On Monday, the Senate began debate on its monumental health-care reform package. Senator Barbara Mikulski (a Maryland Democrat) introduced the first amendment, which is an omen of what the future will hold when Congress takes over the health-care system. If passed, Senator Mikulski’s amendment would require insurers to provide women with free preventative screenings for breast cancer, cervical cancer, post-partum depression, diabetes, and other ailments that are common causes of disease, disability and death in women. Insurers could not charge a copay or any other fee for these services. So here we are, just the first day of debate and already the Genie is out of the bottle.
While we might all agree that screening for a range of diseases and conditions is important, and that better screening might reduce long-term health-care costs, it is hard to see how we will reduce health-care spending if members of Congress are going to start handing out services for free, especially if those services are provided to people who can afford to pay. I can afford a copay for routine screening and care, as can Senator Mikulski, Speaker of the House Pelosi, and millions of other women who can and should pay for the care we receive. I can’t help but wonder how Senator Mikulski would have reacted if the first amendment out of the chute had been one that provided free screening for men, rather than for women. In the political game of up the ante and vote buying, it is easy to see how additional screenings (for prostate cancer, skin cancer, lung cancer, and cardiovascular disease) and preventive-care regimes (well-baby visits, immunizations, dental check- ups and eye exams) will be added to the list of “free” services that insurers or the government must provide.

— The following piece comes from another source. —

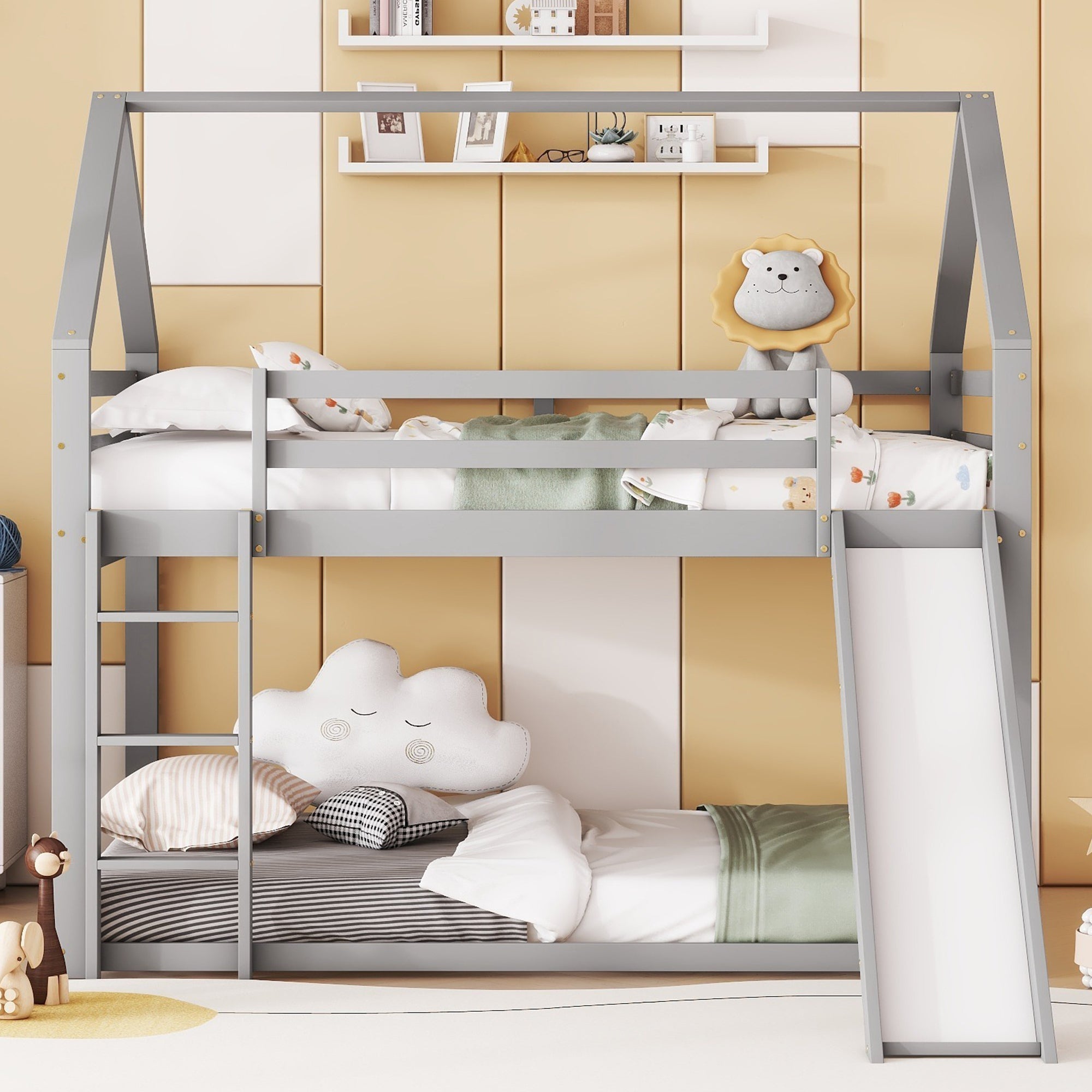 Double Bunk Bed, House Bed with Slide & Ladder, Grey 140x200cm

The problem is that there is no such thing as free health care. Somebody has to pay for care, and if it isn’t through copays, then it will be through more expensive premiums or higher taxes, and not just for the idly rich. By providing free screenings for women who can afford the copay, we reduce our ability to subsidize care for those who are truly in need and we make it even harder for middle-class families to afford health insurance at all. The unintended consequences of Senator Mikulski’s amendment are tremendous, including that it establishes precedent for politicians rather than doctors or expert panels to determine standards of care and fee schedules. Moreover, while none of us likes to pay for medical care, some research has shown that patient cost-sharing encourages increased patient involvement in health-care decision making, which appears to be linked to improved health-care outcomes. Free care just might rob those who can pay of the very incentive they need to take control of, and improve, their overall level of health.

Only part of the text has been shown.